# Dataset records

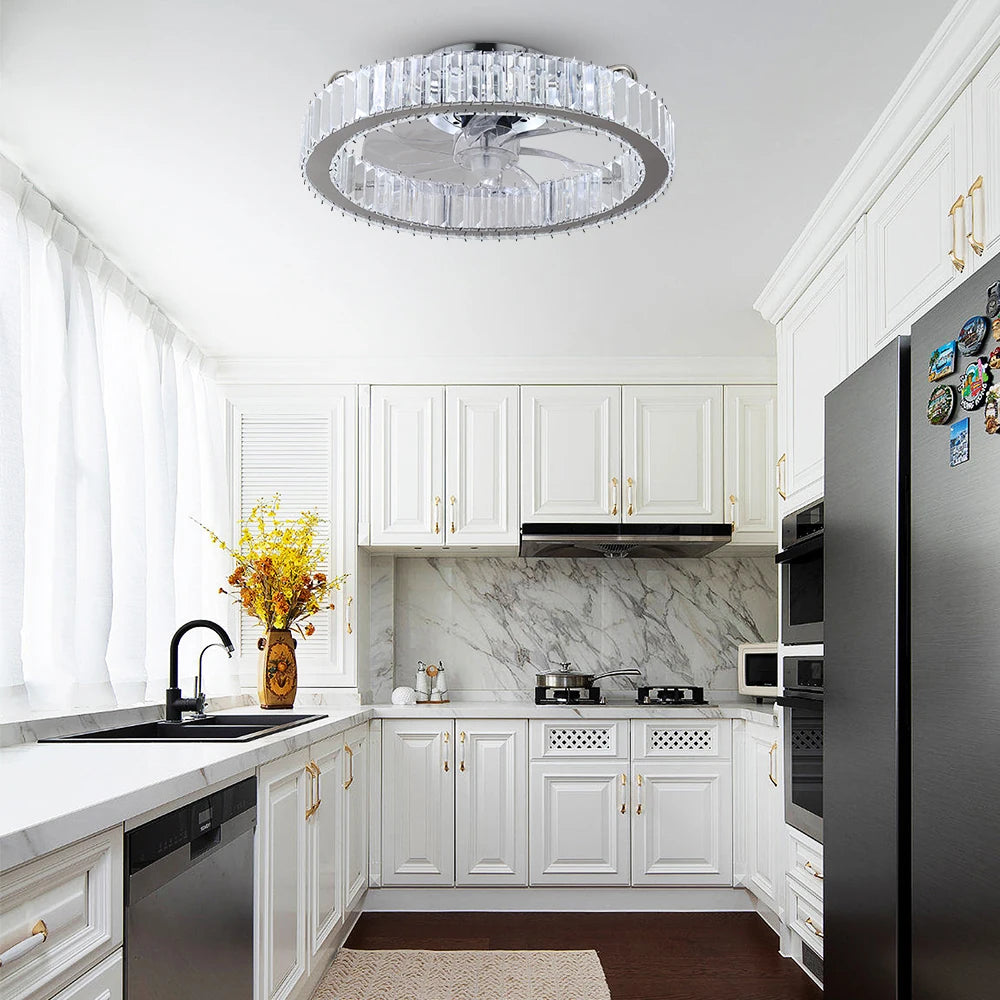 Luxury Crystal Chandelier Ceiling Fan with LED & Remote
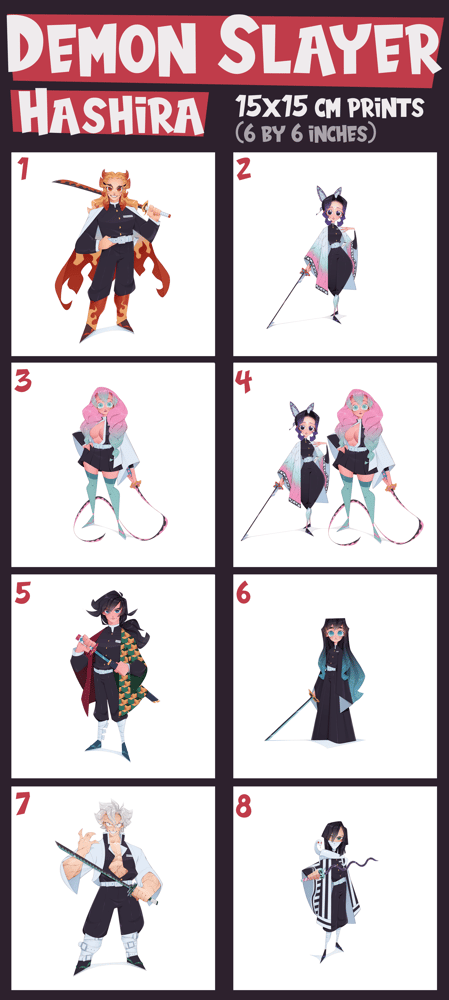 Image of DEMON SLAYER HASHIRA Lineup (Individual Prints)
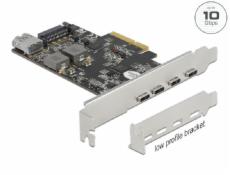 PCI Express x4 Karte zu 4 x USB Type-C + 1 x USB Typ-A - SuperSpeed USB 10 Gbps - Low Profile Formfaktor, USB-Controller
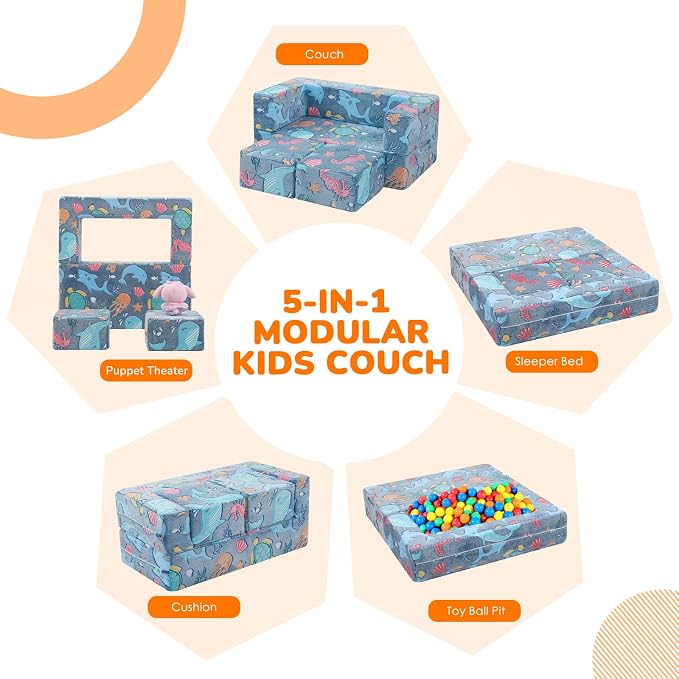 MeMoreCool Mermaid Glow-in-the-Dark Kids Play Couch, Denim Mermaid Modular - Image 4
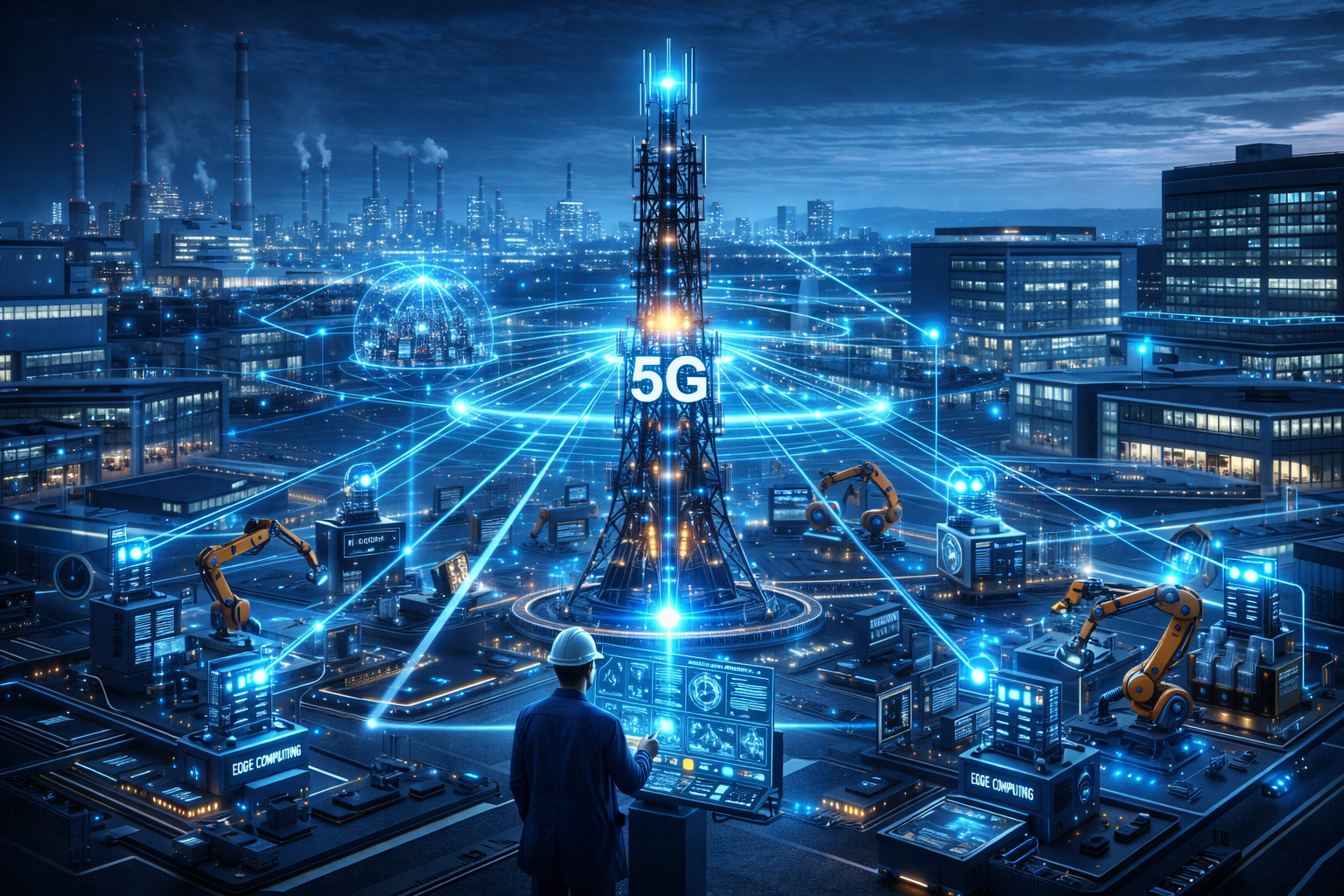 Private 5G network powering smart factory and enterprise campus, edge computing, ultra-low latency connectivity, futuristic industrial technology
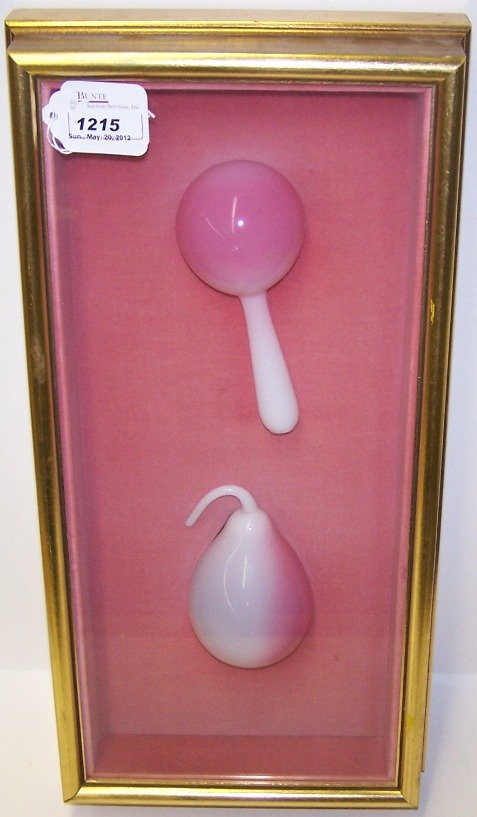 MT. WASHINGTON PEACH BLOW GLASS SOCK DARNER & PEA: Contained in shadow box frame.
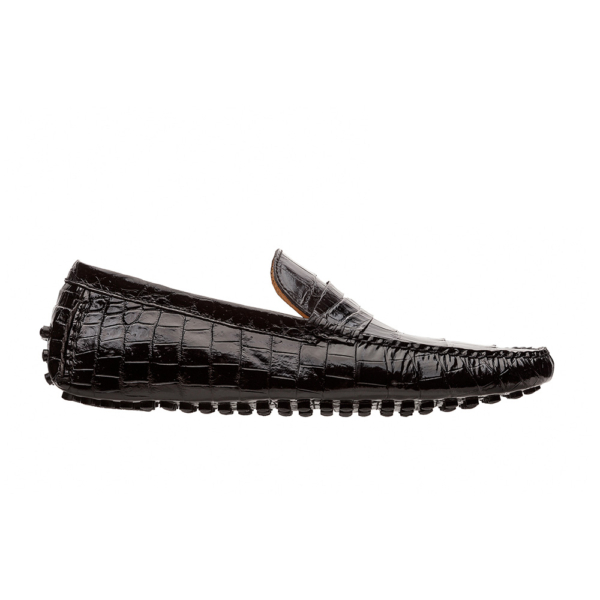 Mocasín driver negro con antifaz en piel de cocodrilo completo - Image 3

# Work item
Without the pictures, copy the entries from their first line through the line containing "MeMoreCool Mermaid Glow-in-the-Dark", and only those lines.

# Task answer
 Luxury Crystal Chandelier Ceiling Fan with LED & Remote
 Image of DEMON SLAYER HASHIRA Lineup (Individual Prints)
 PCI Express x4 Karte zu 4 x USB Type-C + 1 x USB Typ-A - SuperSpeed USB 10 Gbps - Low Profile Formfaktor, USB-Controller
 MeMoreCool Mermaid Glow-in-the-Dark Kids Play Couch, Denim Mermaid Modular - Image 4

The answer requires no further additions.